Now in its 10th year, the 2017 “Infecting the Arts” Festival made an appearance at Public Spaces of Cape Town last week. This multi disciplinary Festival of Public Art integrates within communal spaces of the CBD of the City of Cape Town. In a collaboration between the Africa Centre and the Institute of Creative Arts, this initiative in 2017 provides a platform for artists and art forms opportunities to occupy City Spaces and ignite expressions of Freedom. The exciting 4 day programme ended on Saturday.

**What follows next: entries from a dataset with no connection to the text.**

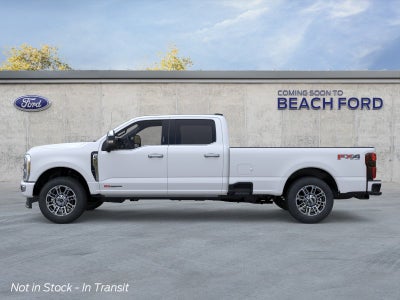 2026 Ford F-350 Platinum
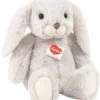Teddy Hermann - Hase Emma Grau, 32 Cm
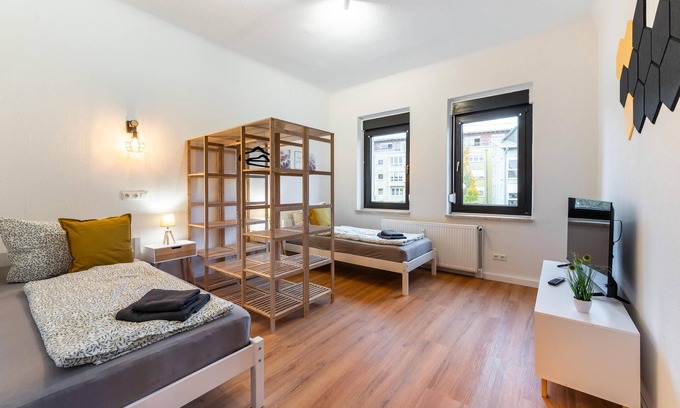 Dresden Appartement | Comfortable Accommodation in Dresden-Klotzsche – Your Home Away from Home!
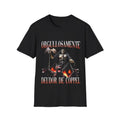 Orgullosamente Deudor De Coppel Camiseta con Diseo de Calavera para el Gimnasio Camiseta Fitness con Calavera Camiseta de Calavera Graphic Tee – Soft Feel · Trending Graphic Apparel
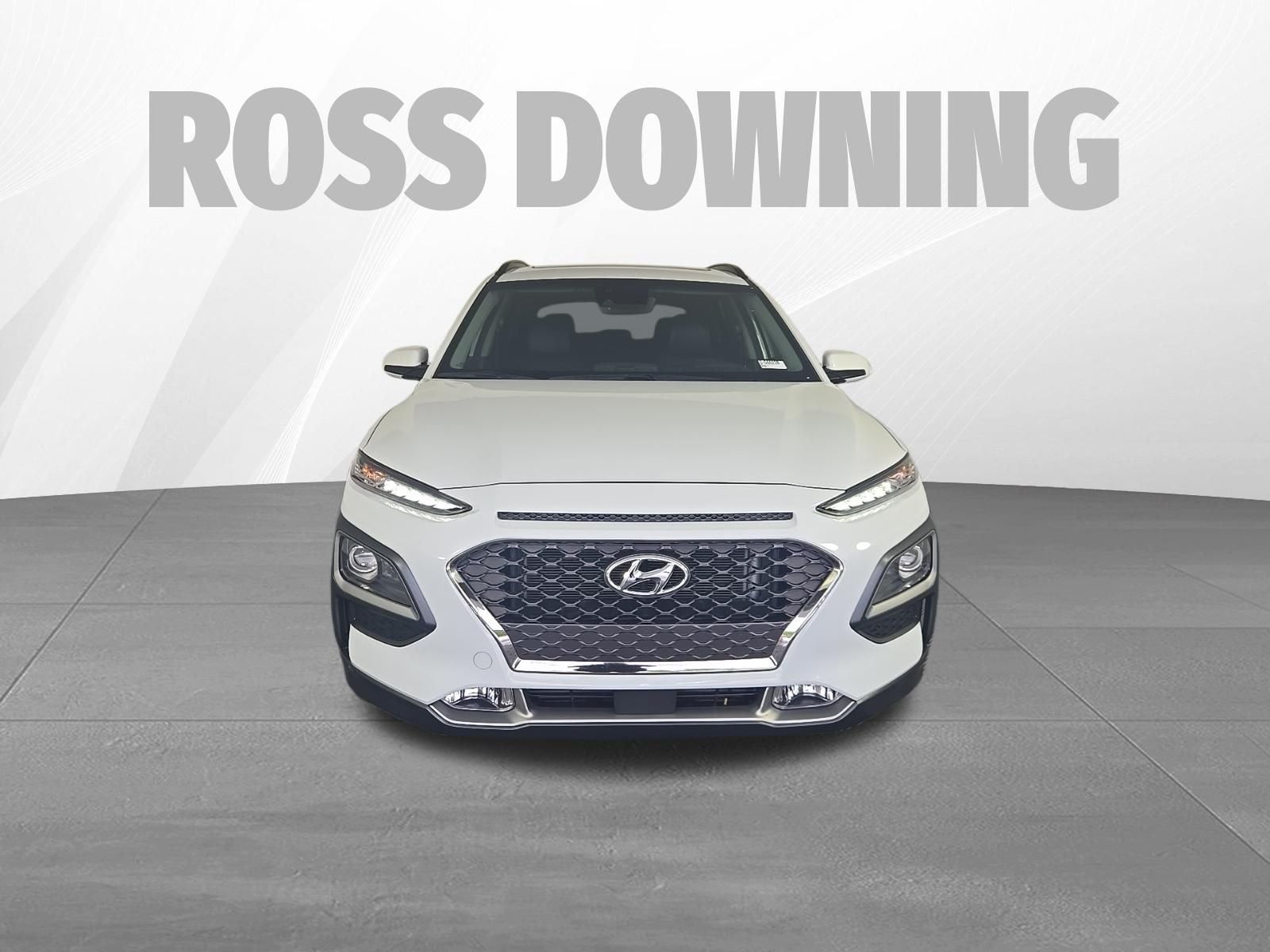 2019 Hyundai Kona Ultimate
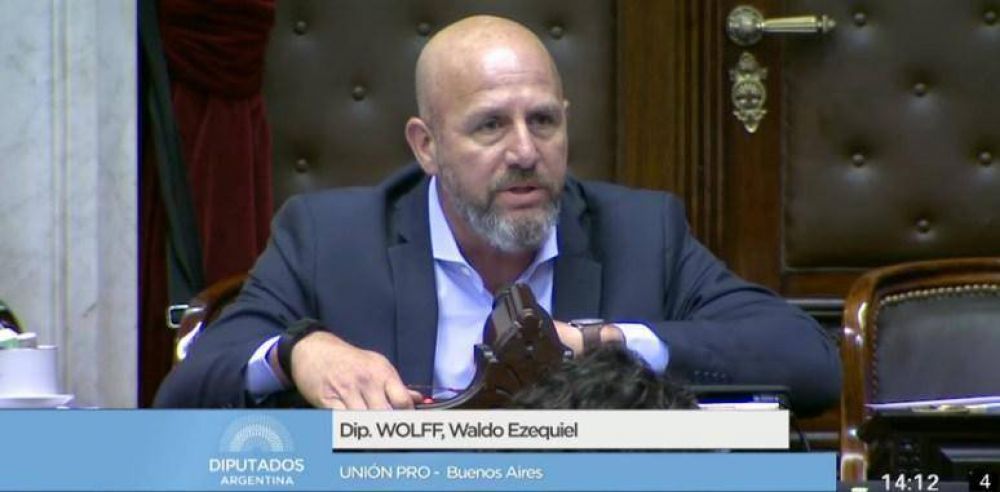 Waldo Wolff: No le voy a permitir a Leopoldo Moreau que extranjerice al judo como se hizo en los peores momentos de la historia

I was fortunate to witness two of the performances an Acrobatic sequence by Joan Catala Caprasio from Barcleona, Spain, who engaged with the audience and kept us captivated throughout the sequence. The second, a fast paced, energetic and superbly executed dance routine by a group of dancers from the Indoni Dance Arts and Leadership Academy. These are some of my glimpses of the performances I witnessed.

click on an image to see a slide show of all images…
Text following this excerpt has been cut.